Engineers and students of the School of Science and Engineering celebrated the completion of the Resnick Roof Solar Panel Project on Feb. 22. In the two weeks that this system has been up and running, it generated over 170 kilowatts of energy.
It is estimated that in one year the system will help the college save $1,000 in energy costs and carbon dioxide emissions will be reduced by 6,000 kilograms. In two weeks, over 170 kilowatts of energy has already been generated.
Donald Christian, president of SUNY New Paltz, praised everyone involved: including the two main people who developed and designed the project, Mike Otis and alumni Courtney Lia. Christian said the efforts of the project members “are actions worthy of celebration.”
“Environmental sustainability is a key value on our campus,” Christian said.

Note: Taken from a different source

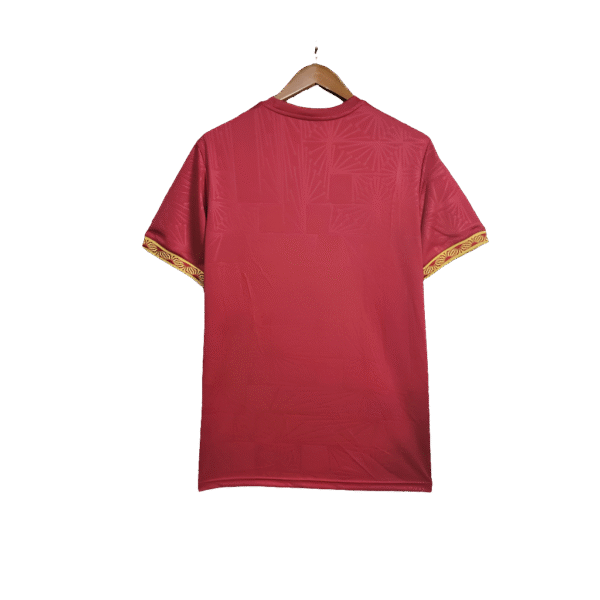 Mexico 25/26 Gold Cup Edition Jersey - Red - Fan Version - Image 2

The Solar Panel Project was a collaboration between SUNY New Paltz and The Solar Energy Consortium (TSEC). The New York State Energy Research & Development Authority and State Sen. John Bonacic granted TSEC $60,000 to enable the project.
Daniel Freedman, the interim engineering dean at SUNY New Paltz, first explored solar energy when he was in 8th grade. With the help of a friend, Freedman made a two-foot long trough, lined with aluminum foil, filled it with water, and put a copper pipe through it. They thought steam would come out, when in reality the temperature had risen only about a half a degree.
“The idea of getting energy from the sun is cool,” Freedman said.
SUNY New Paltz engineering lecturer Michael Otis, a designer of the system, said the vision for this project was to put something practical in place for engineering students working to understand solar energy.
“Making a conversion from photons to electrons is a beautiful thing,” he said.
Chelsea Pontrello, a first-year electrical engineering student, was one of the seven students involved in this solar panel project. Pontrello said she found out about the project from Otis, her teacher, during class. Pontrello thought it was interesting and wanted to get involved.
“The solar panels benefit campus by reducing its carbon foot print and also saves money,” Pontrello said. “It also gives kids a hands-on role, which is good for them.”
According to Pontrello, people should want to get more involved because it is estimated that fossil fuels will dwindle critically in as little as 40 years.
“Which,” she added, “will leave us all screwed.”
Krista Barringer, a representative from Bonacic’s office, said this project could put New Paltz on the map, technologically speaking, because it has been a win-win project.
A renewable energy course will be available in the coming semesters to make more students aware of how important the conservation of energy is.